— YOUR INSTRUCTIONS —
Taking the data below, please print only the lines from the line holding "Utsikt från en" to the line holding "Pink Kanchipuram Silk", inclusive, with pictures omitted.

— TASK INPUT —
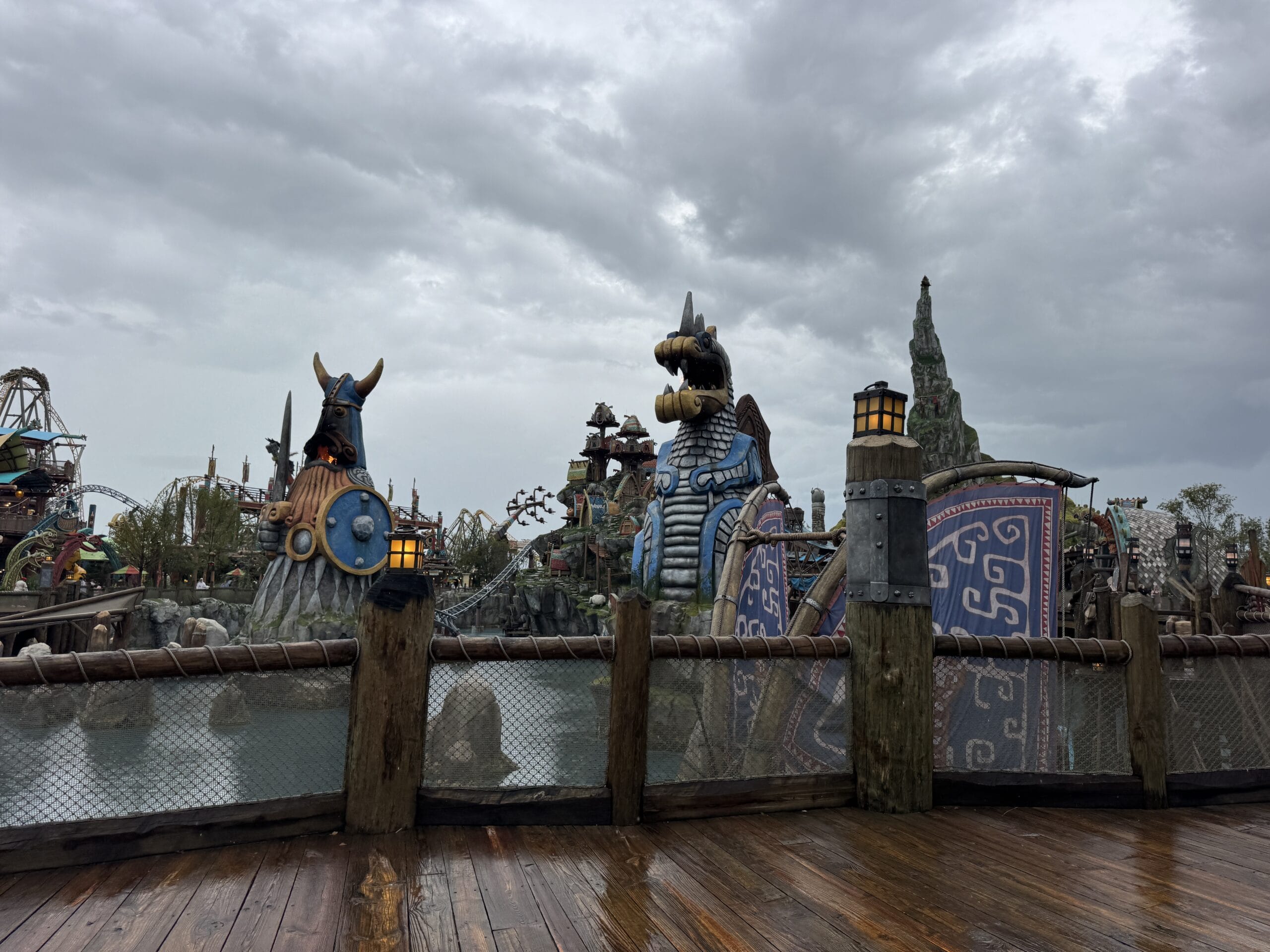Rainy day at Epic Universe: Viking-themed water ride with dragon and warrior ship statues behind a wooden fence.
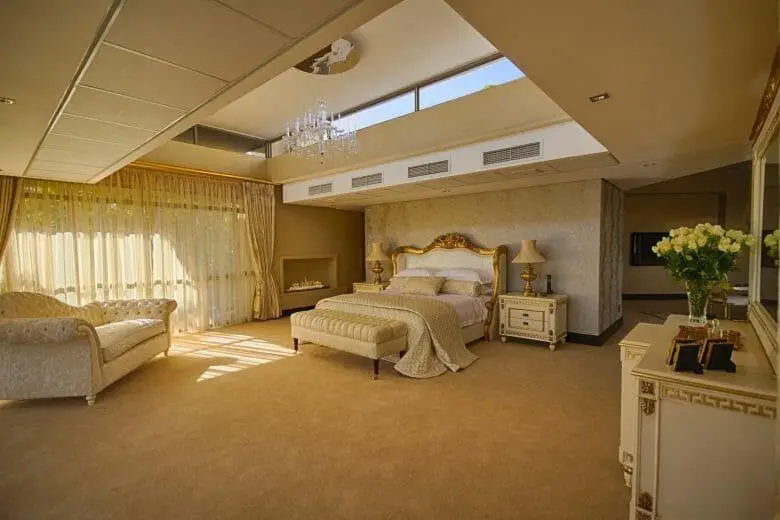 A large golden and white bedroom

...

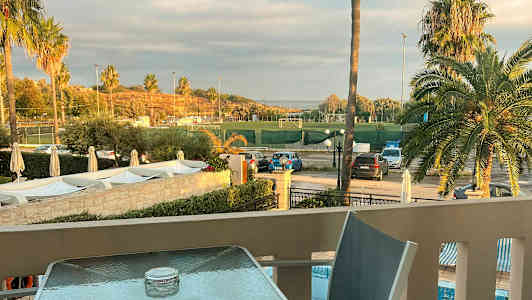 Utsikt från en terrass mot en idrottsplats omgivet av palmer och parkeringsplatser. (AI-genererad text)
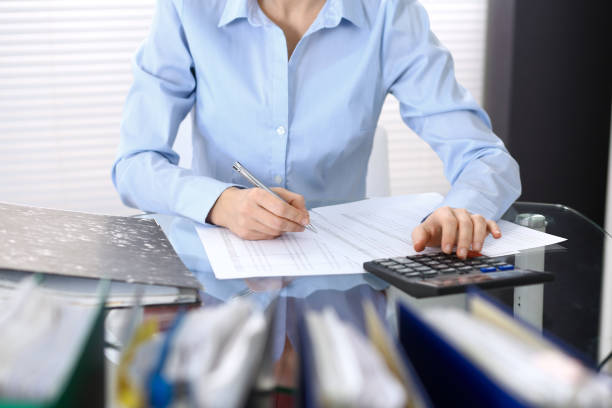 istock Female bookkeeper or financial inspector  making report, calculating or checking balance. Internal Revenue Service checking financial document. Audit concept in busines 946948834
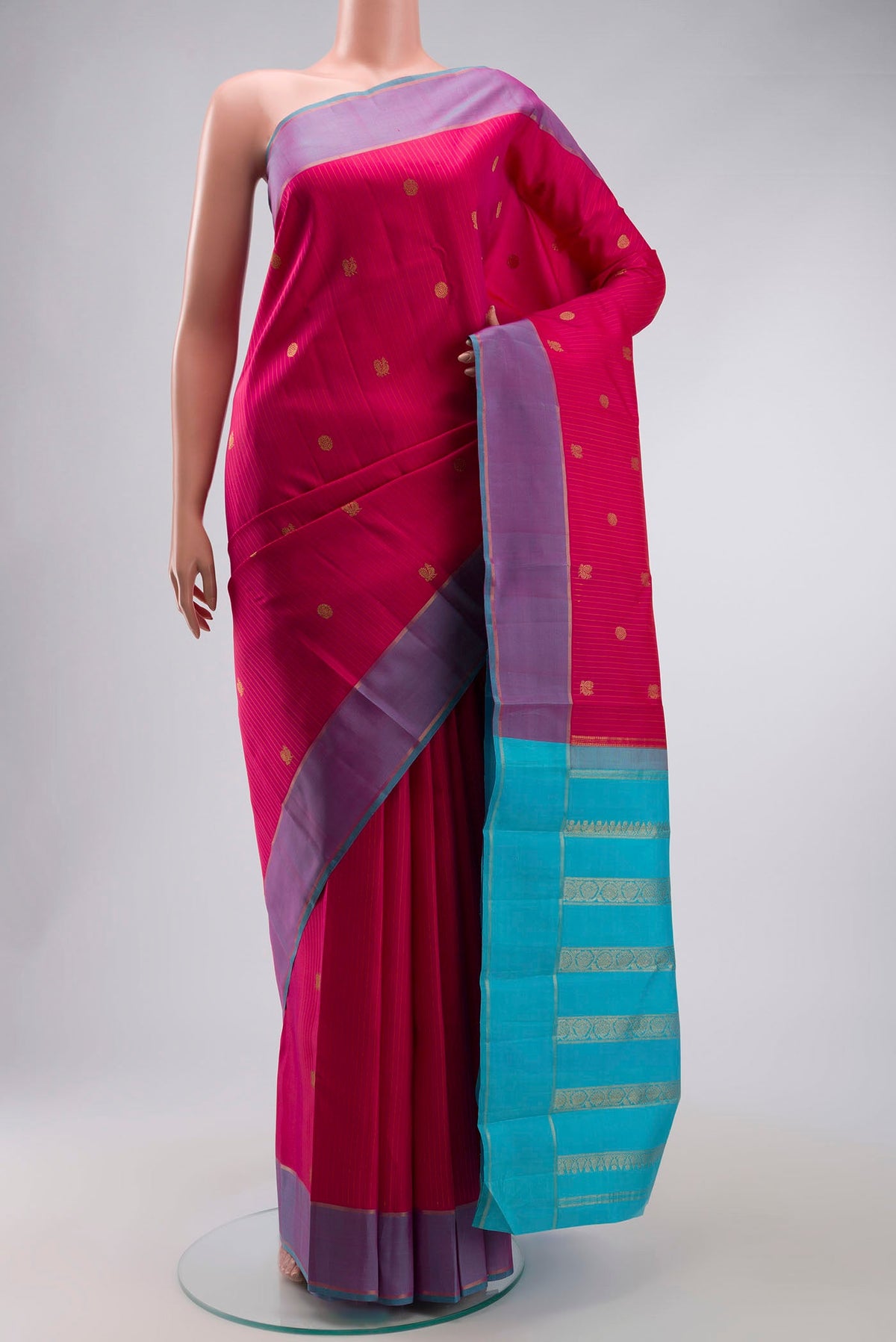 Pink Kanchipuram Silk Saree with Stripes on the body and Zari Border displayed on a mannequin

— TASK OUTPUT —
 Utsikt från en terrass mot en idrottsplats omgivet av palmer och parkeringsplatser. (AI-genererad text)
 istock Female bookkeeper or financial inspector  making report, calculating or checking balance. Internal Revenue Service checking financial document. Audit concept in busines 946948834
 Pink Kanchipuram Silk Saree with Stripes on the body and Zari Border displayed on a mannequin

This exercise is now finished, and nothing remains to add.